Zo was de situatie al 6 maanden. Hoewel er een wapenstilstand was getekend, liepen de spanningen hoog op. De Hutu’s gevestigd in de bergen begonnen de omliggende dorpen lastig te vallen; ze verkrachtten vrouwen, stalen eten etc. Het was een kwestie van tijd voordat de spreekwoordelijke bom opnieuw ging barsten. Daarom ging ik meteen na mijn aankomst de gesprekken aan met de rebellenleiders en leger generaals, waaronder toenmalige president Domitien Ndayizeye en de huidige president Pierre Nkurunziza.
Het probleem werd me al snel duidelijk. Beide partijen weigerden hun wapens in te leveren, ze waren bang voor represailles van de ander. Ze vertrouwden elkaar niet; de wapens waren volgens beide partijen de enige manier waardoor ze hun bestaan konden verzekeren.”
Aanvankelijk wist ook kolonel Beukering niet goed wat hij met de situatie moest. Maar teruggaan naar minister van Ardenne zónder een plan was absoluut geen optie voor Toine.
Aanvankelijk werd ik door iedereen voor gek verklaard; gewapende integratie?
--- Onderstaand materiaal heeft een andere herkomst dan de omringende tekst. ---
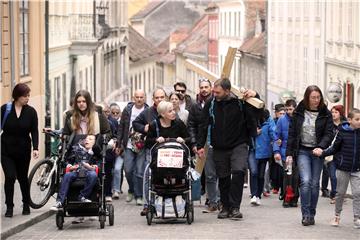 Dolazak Saše Pavlića s križem iz Rijeke pred Vladu RH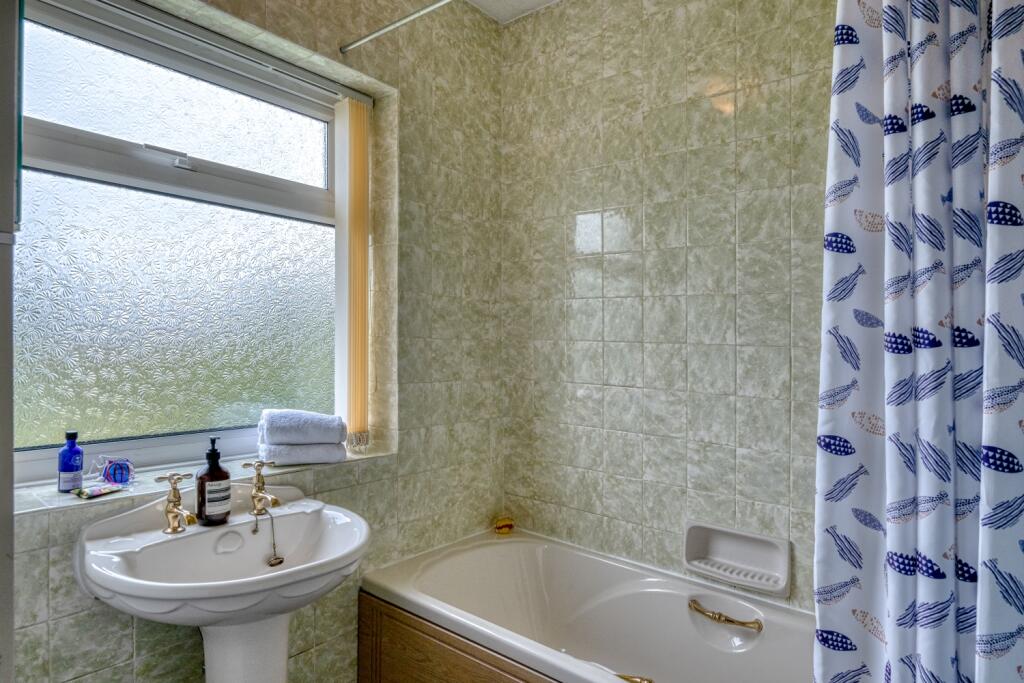 Family Bathroom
Dat kan simpelweg nooit werken.
“Ik moest en zou met een plan bij de minister aankomen en na lang beraad kwam ik op een idee; gewapende integratie. Iets dat nog nooit eerder in de geschiedenis was gedaan. Aanvankelijk werd ik door iedereen voor gek verklaard; gewapende integratie? Dat kan simpelweg nooit werken. Er was één iemand die het niet meteen weg wimpelde, dat was minister van Ardenne. Zij vroeg aan mij: “Kolonel, denk je dat dit gaat werken?”. Ik antwoordde hierop “Ja. Daar moet je Afrika voor kennen.” Natuurlijk wist ik het ook niet 100% zeker, maar ik had goede hoop. Iets is beter dan niets.”
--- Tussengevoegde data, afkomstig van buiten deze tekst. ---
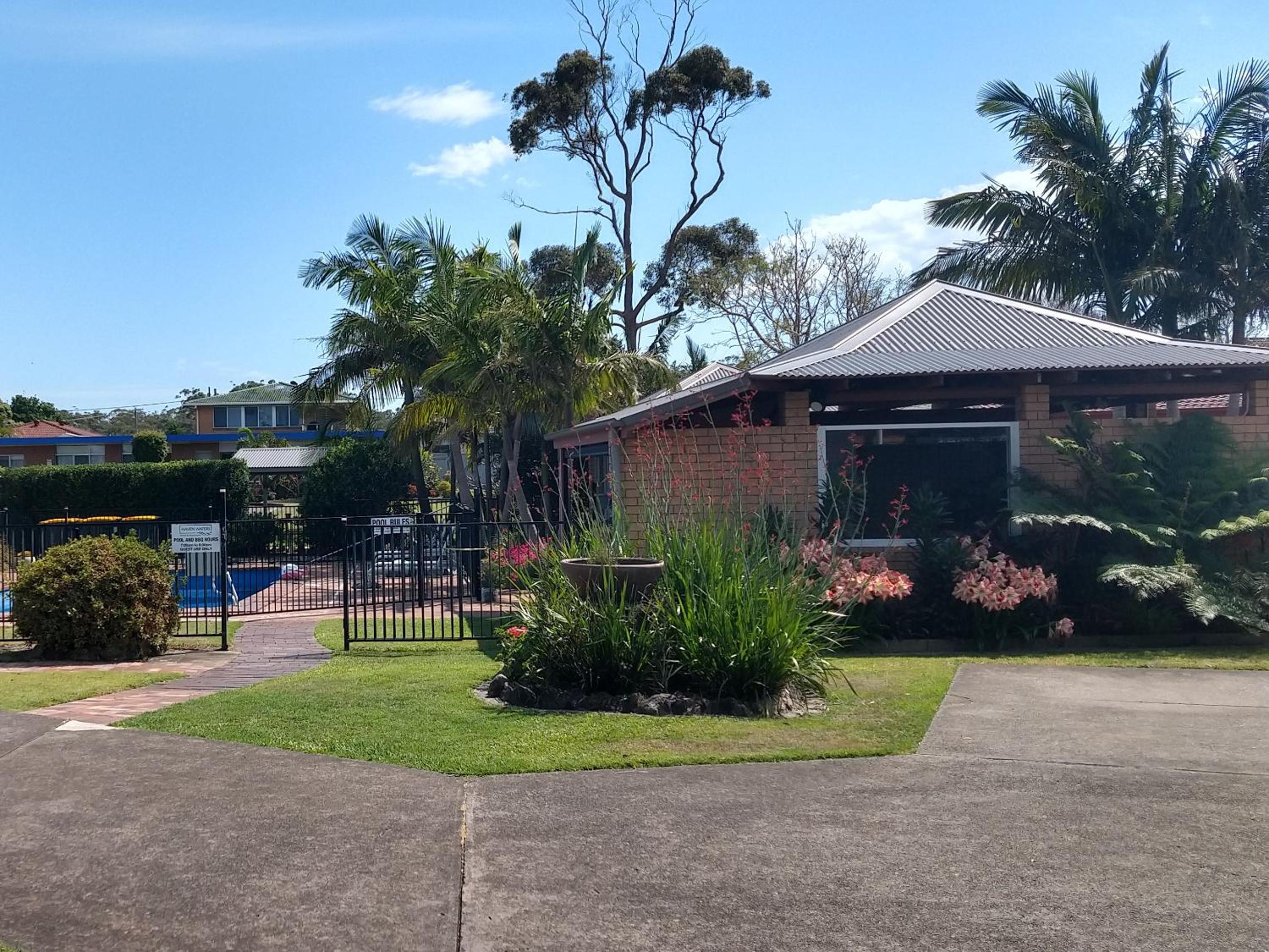 Haven Waters Motel & Apartments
Het plan van kolonel Beukering was als volgt: Er werd een kamp opgezet, waarin een groep van 1000 rebellen en 1000 militairen samen een zesweeks programma doorliepen. Beide partijen mochten hun wapens meenemen. De kolonel zorgde ervoor dat het kamp van alle gemakken was voorzien. Ze konden drie keer per dag eten, elke dag een stuk vlees, douchen én iedereen kreeg bij binnenkomst dezelfde kleren; een sporttenue met een petje met daarop de naam van het kamp: Espoir.
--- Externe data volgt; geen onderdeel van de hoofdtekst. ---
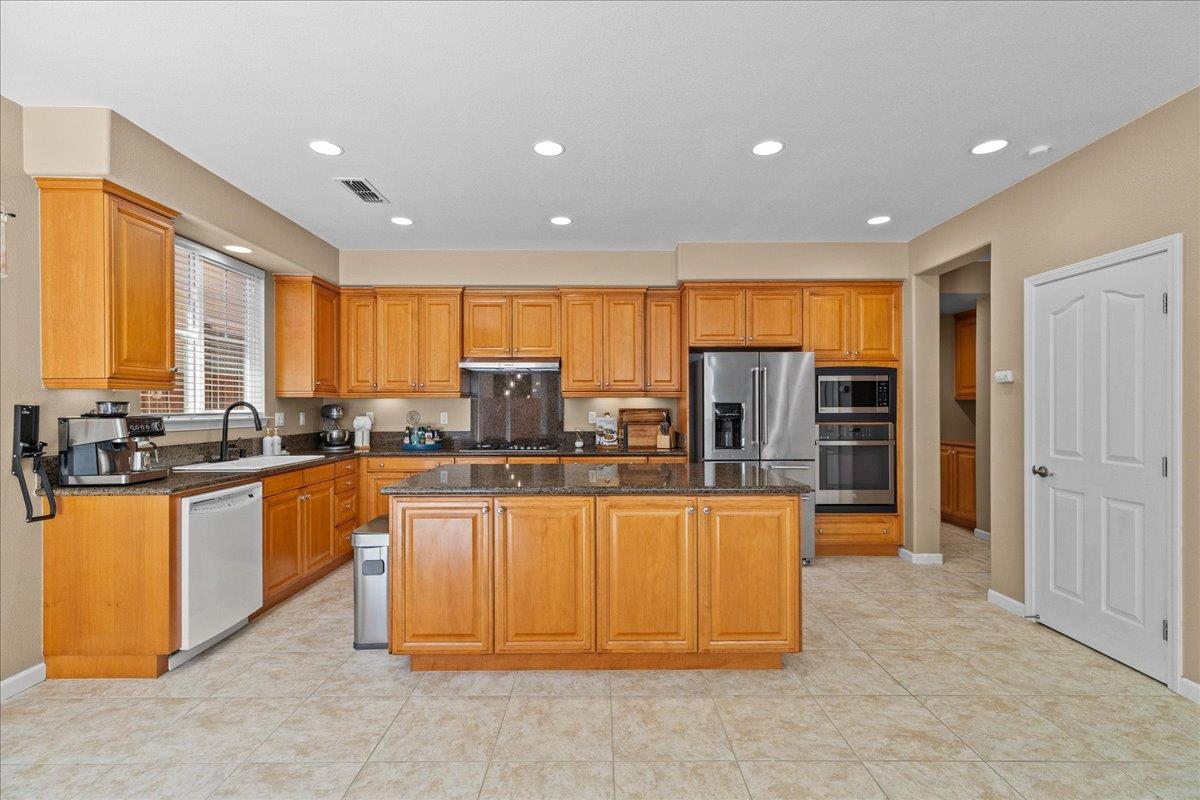 474 N Orinda Court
“In 2004 werd kamp ‘Espoir’, ofwel ‘Hoop’ geopend door de ministers van Ardenne en Kamp. Naast hoop had ‘Espoir’ nog een tweede betekenis, namelijk (Equipe Spéciale Pour les Opérations Internationales dans la Reforme du secteur de la sécurité ). Voor ons was het natuurlijk ook even spannend, beide partijen met wapens op zak. Deze varieerden van AK-47s tot aan granaten met een plakbandje er om heen. Het mooie is dat er in de hele periode dat het kamp heeft bestaan geen enkel gewapend incident is geweest, niet één.
Wat ze deden in dit kamp? De meest simpele dingen, variërend van schrijven tot aan toneelspelen en zingen rond het kampvuur. Daarnaast lieten we ze elke dag veel sporten. Naast het feit dat dit sociaal gezien goed werkt, zorgt het er ook voor dat ze uitgeput zijn aan het einde van de dag. Op die manier hadden ze niet eens energie om te vechten, al zouden ze het willen. Doordat we beide partijen dezelfde kleding hadden gegeven, lieten we ze ook merken dat ze allemaal gelijk waren. In het kamp waren geen Hutu’s of Tutsi’s, maar enkel nog Burundezen.”
Kamp Espoir is een groot succes. Er zijn naar schatting zo’n 10.000 Burundezen door het kamp gegaan, waarna het kamp werd gesloten omdat mensen ervan overtuigd waren dat het sneller kon. Terwijl de VN troepen klaar stonden om in te grijpen, is er geen enkel gewapend incident geweest.
De werkzaamheden van Toine stopte niet nadat het kamp werd gesloten. Hij probeerde ook in het kader van de ontwikkelingssamenwerking de overheidsorganen te ondersteunen door ze te helpen met nieuwe apparatuur. Zo werden er bijvoorbeeld oude walkie-talkies en vrachtwagens verscheept naar Burundi.
“Op een gegeven moment werd ik in Nederland door de ontwikkelingssamenwerkers beschuldigd van ‘het verkopen van oude meuk’. Eerlijk gezegd, liet mij dit koud. Ik wist dat het daadwerkelijk bijdroeg aan de vrede aan stabiliteit in Burundi. Wel vond ik het jammer dat daardoor Defensie de schijn tegen had, ook goeie ideeën werden afgekeurd. Zo herinner me ik het moment dat ik samen met Minister van Ardenne naar de parade op de dag van de arbeid stonden te kijken. Er kwam een legereenheid langslopen, gekleed in uniformen die rechtstreeks van de Yankee-dump leken te komen.
In overleg met minister van Ardenne besloten we in Nederland het idee te pitchen om de op kleur afgekeurde Nederlandse baretten aan de Burundese militairen te geven. Wij mochten ze niet dragen vanwege de kleur en voor deze militairen zou dit van grote waarde zijn, het uniform is hun eer. Helaas werden we hard uitgelachen en hebben we dit pas jaren later kunnen uitvoeren.
Inmiddels is er zo’n 14 jaar ‘vrede’ in Burundi. Hiermee bedoel ik dat het relatief rustig is, de spanning die daar al die jaren heeft gehangen zal nooit volledig verdwijnen. Nu zijn er bijvoorbeeld weer schermutselingen rondom de 3e termijn van president Pierre Nkurunziza (ten tijde van de missie rebellenleider). Gelukkig staat dat in het niet, vergeleken met de situatie in het begin van de jaren 90.”